■ **WORK ITEM**:
Make an exact copy of the lines starting at the top of the listing below and ending at the line that contains "PGSOFT官网注册游戏指南帮助玩家轻松开启精彩游戏体验", inclusive.

○ ○ ○ ○ ○ ○ ○

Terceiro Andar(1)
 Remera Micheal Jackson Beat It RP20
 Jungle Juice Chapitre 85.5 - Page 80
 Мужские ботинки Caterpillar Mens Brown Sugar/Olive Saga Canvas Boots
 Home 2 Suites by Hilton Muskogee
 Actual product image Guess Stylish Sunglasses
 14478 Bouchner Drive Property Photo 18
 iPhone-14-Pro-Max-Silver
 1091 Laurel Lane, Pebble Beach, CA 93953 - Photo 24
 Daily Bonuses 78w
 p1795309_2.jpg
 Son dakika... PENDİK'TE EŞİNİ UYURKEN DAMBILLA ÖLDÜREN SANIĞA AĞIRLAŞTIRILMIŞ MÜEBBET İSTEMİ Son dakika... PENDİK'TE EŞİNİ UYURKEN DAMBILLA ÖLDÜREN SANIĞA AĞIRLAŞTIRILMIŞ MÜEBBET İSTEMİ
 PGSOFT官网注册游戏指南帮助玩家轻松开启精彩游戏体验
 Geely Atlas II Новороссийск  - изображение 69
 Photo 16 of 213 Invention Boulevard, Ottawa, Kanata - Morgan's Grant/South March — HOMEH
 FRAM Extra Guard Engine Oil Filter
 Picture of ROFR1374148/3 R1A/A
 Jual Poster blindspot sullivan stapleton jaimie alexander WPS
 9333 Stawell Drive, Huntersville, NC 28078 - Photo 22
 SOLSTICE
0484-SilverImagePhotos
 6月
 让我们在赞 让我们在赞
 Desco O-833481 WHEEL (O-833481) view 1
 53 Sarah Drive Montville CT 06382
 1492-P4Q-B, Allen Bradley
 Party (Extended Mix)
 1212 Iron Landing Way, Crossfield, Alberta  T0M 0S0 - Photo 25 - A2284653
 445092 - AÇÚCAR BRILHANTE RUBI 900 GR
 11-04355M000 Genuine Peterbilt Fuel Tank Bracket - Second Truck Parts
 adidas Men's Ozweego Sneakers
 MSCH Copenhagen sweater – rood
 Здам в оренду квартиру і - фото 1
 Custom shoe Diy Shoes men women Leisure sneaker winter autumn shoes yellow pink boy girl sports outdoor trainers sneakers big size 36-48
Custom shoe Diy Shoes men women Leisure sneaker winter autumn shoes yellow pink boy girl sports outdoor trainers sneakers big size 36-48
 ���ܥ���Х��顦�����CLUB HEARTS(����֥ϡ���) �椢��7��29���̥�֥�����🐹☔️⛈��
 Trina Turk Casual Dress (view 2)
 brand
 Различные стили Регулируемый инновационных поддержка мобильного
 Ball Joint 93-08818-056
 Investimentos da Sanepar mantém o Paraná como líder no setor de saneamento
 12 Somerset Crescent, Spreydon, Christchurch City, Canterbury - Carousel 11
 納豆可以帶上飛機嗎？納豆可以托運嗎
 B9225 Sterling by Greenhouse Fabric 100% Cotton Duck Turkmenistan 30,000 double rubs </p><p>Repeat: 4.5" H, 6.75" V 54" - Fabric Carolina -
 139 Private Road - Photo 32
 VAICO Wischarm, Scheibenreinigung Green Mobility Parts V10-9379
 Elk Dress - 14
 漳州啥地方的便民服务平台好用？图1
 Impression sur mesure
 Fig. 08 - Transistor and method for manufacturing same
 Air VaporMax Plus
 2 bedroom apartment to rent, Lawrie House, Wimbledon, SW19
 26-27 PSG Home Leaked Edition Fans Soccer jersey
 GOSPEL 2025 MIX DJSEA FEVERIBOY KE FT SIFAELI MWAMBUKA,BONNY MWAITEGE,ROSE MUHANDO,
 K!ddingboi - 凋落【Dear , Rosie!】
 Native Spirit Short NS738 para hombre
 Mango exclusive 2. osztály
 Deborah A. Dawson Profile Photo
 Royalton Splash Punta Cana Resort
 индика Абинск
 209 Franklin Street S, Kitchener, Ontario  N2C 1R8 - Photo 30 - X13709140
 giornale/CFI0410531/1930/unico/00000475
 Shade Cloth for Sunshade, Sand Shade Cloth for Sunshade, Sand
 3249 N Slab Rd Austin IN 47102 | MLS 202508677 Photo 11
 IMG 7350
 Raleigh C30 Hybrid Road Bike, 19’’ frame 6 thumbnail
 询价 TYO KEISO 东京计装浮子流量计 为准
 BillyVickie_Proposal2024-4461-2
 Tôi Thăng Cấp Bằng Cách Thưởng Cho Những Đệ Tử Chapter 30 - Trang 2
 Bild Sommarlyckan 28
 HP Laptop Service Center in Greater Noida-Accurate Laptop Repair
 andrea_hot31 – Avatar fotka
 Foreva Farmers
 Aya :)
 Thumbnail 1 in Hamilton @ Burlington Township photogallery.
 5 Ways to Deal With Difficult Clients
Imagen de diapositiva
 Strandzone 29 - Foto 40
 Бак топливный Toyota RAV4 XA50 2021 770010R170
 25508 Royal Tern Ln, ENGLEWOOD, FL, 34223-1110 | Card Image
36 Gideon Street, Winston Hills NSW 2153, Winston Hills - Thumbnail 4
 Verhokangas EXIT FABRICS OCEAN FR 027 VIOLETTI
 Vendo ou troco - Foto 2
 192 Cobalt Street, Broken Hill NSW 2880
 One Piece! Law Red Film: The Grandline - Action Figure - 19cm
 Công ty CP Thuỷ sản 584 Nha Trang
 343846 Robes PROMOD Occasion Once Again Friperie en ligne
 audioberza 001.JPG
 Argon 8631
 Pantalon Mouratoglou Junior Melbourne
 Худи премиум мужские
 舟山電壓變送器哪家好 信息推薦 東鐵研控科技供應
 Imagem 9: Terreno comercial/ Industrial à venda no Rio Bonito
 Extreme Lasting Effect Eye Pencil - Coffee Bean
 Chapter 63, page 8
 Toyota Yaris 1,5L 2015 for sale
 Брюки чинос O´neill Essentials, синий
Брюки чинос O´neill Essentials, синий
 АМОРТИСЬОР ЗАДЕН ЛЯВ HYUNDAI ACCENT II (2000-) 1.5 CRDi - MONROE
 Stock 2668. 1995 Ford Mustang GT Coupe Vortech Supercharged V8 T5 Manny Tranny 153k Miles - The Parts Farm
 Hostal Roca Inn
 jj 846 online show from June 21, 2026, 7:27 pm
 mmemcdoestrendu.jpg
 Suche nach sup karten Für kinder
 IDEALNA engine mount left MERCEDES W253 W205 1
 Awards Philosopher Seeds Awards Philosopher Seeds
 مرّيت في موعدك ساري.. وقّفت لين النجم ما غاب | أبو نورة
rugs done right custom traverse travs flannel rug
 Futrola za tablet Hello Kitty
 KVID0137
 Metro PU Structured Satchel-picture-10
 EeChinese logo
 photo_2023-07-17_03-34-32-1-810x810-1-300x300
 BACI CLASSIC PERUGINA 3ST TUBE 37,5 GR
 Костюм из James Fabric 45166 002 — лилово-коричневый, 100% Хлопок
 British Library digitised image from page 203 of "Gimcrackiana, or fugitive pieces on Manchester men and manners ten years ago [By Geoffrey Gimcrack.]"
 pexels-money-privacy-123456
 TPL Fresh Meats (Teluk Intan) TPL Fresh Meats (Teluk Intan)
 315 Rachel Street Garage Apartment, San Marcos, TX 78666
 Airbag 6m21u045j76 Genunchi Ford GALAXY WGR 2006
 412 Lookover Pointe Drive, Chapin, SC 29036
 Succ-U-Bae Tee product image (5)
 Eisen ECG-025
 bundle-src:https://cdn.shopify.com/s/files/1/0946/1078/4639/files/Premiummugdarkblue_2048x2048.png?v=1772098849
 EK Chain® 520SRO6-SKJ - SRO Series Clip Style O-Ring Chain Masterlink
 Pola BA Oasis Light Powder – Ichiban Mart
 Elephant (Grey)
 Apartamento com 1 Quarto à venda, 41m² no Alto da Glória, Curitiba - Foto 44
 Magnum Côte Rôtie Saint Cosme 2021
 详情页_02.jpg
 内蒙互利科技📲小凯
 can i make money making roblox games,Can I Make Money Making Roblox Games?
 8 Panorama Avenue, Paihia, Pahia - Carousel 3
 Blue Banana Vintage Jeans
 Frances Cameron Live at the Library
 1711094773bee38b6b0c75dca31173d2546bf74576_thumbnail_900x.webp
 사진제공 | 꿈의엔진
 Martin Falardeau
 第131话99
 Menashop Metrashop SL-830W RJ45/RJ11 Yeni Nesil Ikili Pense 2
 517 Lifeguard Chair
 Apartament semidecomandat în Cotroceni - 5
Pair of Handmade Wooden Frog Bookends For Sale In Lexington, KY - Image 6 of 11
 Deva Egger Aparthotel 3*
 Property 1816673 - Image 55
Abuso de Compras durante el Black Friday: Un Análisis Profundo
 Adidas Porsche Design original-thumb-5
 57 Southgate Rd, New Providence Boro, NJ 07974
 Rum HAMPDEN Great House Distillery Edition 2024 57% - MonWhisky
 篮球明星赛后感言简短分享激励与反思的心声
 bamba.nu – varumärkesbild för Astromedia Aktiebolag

○ ○ ○ ○ ○ ○ ○

■ **COMPLETED TASK**:
Terceiro Andar(1)
 Remera Micheal Jackson Beat It RP20
 Jungle Juice Chapitre 85.5 - Page 80
 Мужские ботинки Caterpillar Mens Brown Sugar/Olive Saga Canvas Boots
 Home 2 Suites by Hilton Muskogee
 Actual product image Guess Stylish Sunglasses
 14478 Bouchner Drive Property Photo 18
 iPhone-14-Pro-Max-Silver
 1091 Laurel Lane, Pebble Beach, CA 93953 - Photo 24
 Daily Bonuses 78w
 p1795309_2.jpg
 Son dakika... PENDİK'TE EŞİNİ UYURKEN DAMBILLA ÖLDÜREN SANIĞA AĞIRLAŞTIRILMIŞ MÜEBBET İSTEMİ Son dakika... PENDİK'TE EŞİNİ UYURKEN DAMBILLA ÖLDÜREN SANIĞA AĞIRLAŞTIRILMIŞ MÜEBBET İSTEMİ
 PGSOFT官网注册游戏指南帮助玩家轻松开启精彩游戏体验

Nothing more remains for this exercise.